EXTRACTED DATA ->
►

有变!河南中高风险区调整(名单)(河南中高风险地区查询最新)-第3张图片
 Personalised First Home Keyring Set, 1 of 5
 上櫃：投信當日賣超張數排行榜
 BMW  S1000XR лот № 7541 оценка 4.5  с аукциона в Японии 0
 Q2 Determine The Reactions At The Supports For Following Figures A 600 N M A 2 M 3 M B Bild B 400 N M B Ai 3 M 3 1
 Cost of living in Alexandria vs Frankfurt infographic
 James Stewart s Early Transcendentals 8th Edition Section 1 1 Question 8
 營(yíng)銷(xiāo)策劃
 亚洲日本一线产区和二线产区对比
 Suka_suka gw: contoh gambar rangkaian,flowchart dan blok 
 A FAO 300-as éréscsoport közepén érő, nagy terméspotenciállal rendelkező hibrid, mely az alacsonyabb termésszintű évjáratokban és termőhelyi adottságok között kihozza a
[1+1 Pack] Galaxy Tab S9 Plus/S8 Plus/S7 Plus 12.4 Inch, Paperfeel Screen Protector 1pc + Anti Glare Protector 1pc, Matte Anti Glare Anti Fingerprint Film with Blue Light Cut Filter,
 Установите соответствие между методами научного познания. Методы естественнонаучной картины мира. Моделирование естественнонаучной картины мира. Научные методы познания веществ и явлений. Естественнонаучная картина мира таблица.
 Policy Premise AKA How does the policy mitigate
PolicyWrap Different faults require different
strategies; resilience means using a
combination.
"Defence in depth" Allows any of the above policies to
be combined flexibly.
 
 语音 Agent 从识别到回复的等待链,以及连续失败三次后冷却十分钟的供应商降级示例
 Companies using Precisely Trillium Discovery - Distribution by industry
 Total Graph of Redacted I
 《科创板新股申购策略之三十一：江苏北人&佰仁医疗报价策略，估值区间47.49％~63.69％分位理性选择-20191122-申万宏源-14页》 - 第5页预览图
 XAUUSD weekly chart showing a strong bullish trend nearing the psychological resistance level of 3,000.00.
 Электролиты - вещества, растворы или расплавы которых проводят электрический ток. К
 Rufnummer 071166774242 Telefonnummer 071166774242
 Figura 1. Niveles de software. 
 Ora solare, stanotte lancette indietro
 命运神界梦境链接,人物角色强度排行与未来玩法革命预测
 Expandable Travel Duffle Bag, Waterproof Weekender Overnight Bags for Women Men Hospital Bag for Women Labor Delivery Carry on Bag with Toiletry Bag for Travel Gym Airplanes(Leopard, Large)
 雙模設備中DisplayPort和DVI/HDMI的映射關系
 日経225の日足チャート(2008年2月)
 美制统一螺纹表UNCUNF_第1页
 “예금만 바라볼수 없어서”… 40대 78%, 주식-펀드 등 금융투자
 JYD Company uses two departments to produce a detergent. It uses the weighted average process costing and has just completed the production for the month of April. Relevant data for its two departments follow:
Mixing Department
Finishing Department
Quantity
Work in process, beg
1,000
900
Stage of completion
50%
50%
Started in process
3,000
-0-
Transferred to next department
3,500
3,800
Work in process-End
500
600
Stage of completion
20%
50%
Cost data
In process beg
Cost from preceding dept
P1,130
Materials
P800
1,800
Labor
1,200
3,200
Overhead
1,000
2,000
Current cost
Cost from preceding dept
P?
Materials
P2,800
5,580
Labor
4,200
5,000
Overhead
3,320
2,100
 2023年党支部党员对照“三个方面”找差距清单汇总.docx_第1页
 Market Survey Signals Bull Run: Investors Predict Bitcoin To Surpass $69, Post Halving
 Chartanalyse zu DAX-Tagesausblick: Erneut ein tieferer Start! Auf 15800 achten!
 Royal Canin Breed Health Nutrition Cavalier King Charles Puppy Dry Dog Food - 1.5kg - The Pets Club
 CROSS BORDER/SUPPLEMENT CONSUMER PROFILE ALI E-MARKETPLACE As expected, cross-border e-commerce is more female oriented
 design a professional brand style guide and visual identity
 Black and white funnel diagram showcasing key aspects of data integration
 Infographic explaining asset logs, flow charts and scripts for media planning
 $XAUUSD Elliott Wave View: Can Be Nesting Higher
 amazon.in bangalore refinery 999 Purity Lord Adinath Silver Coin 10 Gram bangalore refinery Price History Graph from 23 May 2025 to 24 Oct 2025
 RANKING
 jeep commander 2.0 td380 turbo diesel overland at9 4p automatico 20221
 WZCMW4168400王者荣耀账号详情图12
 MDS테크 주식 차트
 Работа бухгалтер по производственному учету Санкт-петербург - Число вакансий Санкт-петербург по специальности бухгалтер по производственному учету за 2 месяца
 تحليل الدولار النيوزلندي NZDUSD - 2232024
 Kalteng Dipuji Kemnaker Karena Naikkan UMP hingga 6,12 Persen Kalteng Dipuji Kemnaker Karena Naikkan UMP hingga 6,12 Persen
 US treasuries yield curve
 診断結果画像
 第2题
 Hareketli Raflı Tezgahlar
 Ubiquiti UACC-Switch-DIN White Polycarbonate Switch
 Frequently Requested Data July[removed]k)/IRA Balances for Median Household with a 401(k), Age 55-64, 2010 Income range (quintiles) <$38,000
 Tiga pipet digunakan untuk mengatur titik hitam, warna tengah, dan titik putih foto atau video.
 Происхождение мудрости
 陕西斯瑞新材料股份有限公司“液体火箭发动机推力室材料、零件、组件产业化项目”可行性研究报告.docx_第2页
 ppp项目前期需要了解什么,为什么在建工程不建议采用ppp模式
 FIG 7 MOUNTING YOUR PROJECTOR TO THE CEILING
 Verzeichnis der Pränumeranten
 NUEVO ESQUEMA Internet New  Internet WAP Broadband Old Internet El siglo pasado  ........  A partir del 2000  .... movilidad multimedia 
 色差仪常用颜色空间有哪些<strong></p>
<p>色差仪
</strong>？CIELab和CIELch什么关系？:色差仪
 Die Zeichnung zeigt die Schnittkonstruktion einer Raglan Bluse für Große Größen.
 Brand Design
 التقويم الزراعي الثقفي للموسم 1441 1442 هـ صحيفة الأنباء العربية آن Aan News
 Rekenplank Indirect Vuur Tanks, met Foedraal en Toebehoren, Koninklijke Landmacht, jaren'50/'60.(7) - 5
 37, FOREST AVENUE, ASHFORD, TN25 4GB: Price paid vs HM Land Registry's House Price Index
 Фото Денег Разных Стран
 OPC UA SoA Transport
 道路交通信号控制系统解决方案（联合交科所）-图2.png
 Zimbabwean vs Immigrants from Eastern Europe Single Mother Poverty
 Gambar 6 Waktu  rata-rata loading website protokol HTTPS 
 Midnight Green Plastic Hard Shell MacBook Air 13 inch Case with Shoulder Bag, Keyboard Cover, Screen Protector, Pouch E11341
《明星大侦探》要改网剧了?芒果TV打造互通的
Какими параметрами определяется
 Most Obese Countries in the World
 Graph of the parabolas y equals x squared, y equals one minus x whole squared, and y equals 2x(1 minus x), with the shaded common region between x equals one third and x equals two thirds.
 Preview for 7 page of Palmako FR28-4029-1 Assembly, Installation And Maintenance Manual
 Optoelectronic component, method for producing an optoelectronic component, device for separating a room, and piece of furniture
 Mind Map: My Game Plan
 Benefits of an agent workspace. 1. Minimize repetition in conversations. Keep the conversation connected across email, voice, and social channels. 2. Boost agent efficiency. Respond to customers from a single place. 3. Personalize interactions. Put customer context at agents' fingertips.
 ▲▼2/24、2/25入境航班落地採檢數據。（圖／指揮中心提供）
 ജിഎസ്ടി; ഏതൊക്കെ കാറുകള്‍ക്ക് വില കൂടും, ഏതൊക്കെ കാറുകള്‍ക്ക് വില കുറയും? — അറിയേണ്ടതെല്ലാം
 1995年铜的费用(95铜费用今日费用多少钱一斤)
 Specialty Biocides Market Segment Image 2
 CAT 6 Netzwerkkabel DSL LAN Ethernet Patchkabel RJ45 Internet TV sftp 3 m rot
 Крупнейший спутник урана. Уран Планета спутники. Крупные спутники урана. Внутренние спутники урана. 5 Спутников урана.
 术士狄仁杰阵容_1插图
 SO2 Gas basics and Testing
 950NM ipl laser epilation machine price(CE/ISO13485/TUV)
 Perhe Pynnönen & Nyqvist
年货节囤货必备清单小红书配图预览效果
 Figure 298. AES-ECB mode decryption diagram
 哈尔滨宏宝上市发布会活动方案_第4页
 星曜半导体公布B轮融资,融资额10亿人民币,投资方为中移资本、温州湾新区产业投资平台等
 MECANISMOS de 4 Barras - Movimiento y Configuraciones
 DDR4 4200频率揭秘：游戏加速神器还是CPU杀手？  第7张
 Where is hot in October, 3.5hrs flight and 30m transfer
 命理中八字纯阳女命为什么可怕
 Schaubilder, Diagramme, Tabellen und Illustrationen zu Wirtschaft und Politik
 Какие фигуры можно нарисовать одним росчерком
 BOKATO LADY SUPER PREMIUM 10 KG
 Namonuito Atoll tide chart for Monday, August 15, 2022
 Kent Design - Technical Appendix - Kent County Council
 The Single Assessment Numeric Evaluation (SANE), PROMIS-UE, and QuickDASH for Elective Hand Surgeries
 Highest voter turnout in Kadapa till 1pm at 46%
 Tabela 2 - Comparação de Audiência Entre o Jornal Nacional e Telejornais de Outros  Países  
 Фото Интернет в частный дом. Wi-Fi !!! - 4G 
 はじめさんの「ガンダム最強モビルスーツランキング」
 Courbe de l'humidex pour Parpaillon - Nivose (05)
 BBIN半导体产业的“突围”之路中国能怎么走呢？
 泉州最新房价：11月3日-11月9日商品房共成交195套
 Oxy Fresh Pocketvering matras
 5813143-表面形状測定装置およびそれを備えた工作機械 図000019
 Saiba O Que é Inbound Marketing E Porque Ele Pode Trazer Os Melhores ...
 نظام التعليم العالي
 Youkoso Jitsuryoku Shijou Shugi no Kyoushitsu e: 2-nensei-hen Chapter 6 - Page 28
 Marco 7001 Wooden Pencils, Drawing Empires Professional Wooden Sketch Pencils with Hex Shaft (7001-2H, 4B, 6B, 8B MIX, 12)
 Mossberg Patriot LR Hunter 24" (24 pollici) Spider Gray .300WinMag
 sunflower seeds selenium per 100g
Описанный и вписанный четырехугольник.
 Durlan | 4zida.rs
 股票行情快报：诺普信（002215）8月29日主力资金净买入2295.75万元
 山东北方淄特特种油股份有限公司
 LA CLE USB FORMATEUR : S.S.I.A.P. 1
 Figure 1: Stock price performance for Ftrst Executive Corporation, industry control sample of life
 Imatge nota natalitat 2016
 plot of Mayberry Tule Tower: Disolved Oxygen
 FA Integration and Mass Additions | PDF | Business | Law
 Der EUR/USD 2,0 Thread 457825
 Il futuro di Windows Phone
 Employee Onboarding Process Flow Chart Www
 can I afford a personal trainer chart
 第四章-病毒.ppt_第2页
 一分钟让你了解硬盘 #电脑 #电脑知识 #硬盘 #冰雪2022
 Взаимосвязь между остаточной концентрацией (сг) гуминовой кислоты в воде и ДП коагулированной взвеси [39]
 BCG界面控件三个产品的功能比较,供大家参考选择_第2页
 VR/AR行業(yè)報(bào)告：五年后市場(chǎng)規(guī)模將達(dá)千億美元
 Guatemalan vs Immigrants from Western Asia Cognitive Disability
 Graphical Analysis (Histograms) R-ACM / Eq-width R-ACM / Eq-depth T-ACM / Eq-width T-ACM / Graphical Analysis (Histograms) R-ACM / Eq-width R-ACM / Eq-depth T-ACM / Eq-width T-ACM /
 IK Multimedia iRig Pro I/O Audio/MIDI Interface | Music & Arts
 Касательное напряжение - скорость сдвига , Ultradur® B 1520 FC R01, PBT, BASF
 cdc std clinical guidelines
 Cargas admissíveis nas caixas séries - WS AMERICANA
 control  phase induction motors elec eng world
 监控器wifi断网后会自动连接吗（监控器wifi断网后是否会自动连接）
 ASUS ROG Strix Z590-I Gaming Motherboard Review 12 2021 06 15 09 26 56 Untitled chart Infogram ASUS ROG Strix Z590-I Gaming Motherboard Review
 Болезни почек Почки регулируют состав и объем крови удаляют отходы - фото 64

◄

REQUIREMENT ->
Transcribe, exactly as written, all lines of the entries above from the first to the one containing "Figura 1. Niveles de software.", and no more.

EXERCISE ANSWER ->
有变!河南中高风险区调整(名单)(河南中高风险地区查询最新)-第3张图片
 Personalised First Home Keyring Set, 1 of 5
 上櫃：投信當日賣超張數排行榜
 BMW  S1000XR лот № 7541 оценка 4.5  с аукциона в Японии 0
 Q2 Determine The Reactions At The Supports For Following Figures A 600 N M A 2 M 3 M B Bild B 400 N M B Ai 3 M 3 1
 Cost of living in Alexandria vs Frankfurt infographic
 James Stewart s Early Transcendentals 8th Edition Section 1 1 Question 8
 營(yíng)銷(xiāo)策劃
 亚洲日本一线产区和二线产区对比
 Suka_suka gw: contoh gambar rangkaian,flowchart dan blok 
 A FAO 300-as éréscsoport közepén érő, nagy terméspotenciállal rendelkező hibrid, mely az alacsonyabb termésszintű évjáratokban és termőhelyi adottságok között kihozza a
[1+1 Pack] Galaxy Tab S9 Plus/S8 Plus/S7 Plus 12.4 Inch, Paperfeel Screen Protector 1pc + Anti Glare Protector 1pc, Matte Anti Glare Anti Fingerprint Film with Blue Light Cut Filter,
 Установите соответствие между методами научного познания. Методы естественнонаучной картины мира. Моделирование естественнонаучной картины мира. Научные методы познания веществ и явлений. Естественнонаучная картина мира таблица.
 Policy Premise AKA How does the policy mitigate
PolicyWrap Different faults require different
strategies; resilience means using a
combination.
"Defence in depth" Allows any of the above policies to
be combined flexibly.
 
 语音 Agent 从识别到回复的等待链,以及连续失败三次后冷却十分钟的供应商降级示例
 Companies using Precisely Trillium Discovery - Distribution by industry
 Total Graph of Redacted I
 《科创板新股申购策略之三十一：江苏北人&佰仁医疗报价策略，估值区间47.49％~63.69％分位理性选择-20191122-申万宏源-14页》 - 第5页预览图
 XAUUSD weekly chart showing a strong bullish trend nearing the psychological resistance level of 3,000.00.
 Электролиты - вещества, растворы или расплавы которых проводят электрический ток. К
 Rufnummer 071166774242 Telefonnummer 071166774242
 Figura 1. Niveles de software. 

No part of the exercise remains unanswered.